Basic config

connector_type: kafka
bootstrap_server: "localhost:9092"
topic: topic_name
topics: ['topic_name1', 'topic_name2']  # Optional. Used for specifying multiple topics.
consumer_group: unique_consumer_group
include_metadata: false
api_version: "0.10.2"
batch_size: 100
timeout_ms: 500

SSL authentication

security_protocol: "SSL"
ssl_config:
  cafile: "CARoot.pem"
  certfile: "certificate.pem"
  keyfile: "key.pem"
  password: password
  check_hostname: true

SASL authentication

security_protocol: "SASL_SSL"
sasl_config:
  mechanism: "PLAIN"
  username: username
  password: password

Data format

By default, if include_metadata is false, the kafka data loader returns data from value field, e.g.

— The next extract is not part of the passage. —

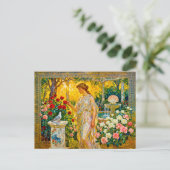 Aphrodite in rozentuin met fontein, schelp en briefkaart (Staand voorkant)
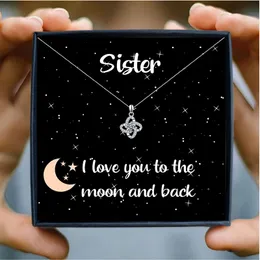 Pendant Necklaces To My Sister Crystal Necklace Women Clavicle Chain Fine Jewelry Party Wedding Accessories For Family GiftPendant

{"location": "klamath", "scientist": "anderson", "count": 23}

Kafka supports structuring and partitioning your data. If include_metadata is set to true, the kafka data loader returns these elements as messages with data = {key: value} and metadata with (topic, partition, offset and time), e.g.

message = {
    "data": {"location": "klamath", "scientist": "anderson", "count": 23},
    "metadata": {
      "key": "bees",
      "partition": 0,
      "offset": 6,
      "time": 1693396630163,  # timestamp with ms precision (Wed Aug 30 2023 11:57:10 GMT+0)
      "topic": "census",
    }}

Deserialize message with protobuf schema

serde_config:
  serialization_method: PROTOBUF
  schema_classpath: "path.to.schema.SchemaClass"
  • Specify the serialization_method to PROTOBUF.
  • Set the schema_classpath to the path to the Python schema class. Test whether you have access the the schema with the code in a scratchpad.
    from path.to.schema import SchemaClass
    

Pass raw message to transformer

serde_config:
  serialization_method: RAW_VALUE

Deserialize message with Avro schema in Confluent schema registry

serde_config:
  serialization_method: AVRO
  schema_registry_url: https://schema_registry_url
  schema_registry_username: username
  schema_registry_password: password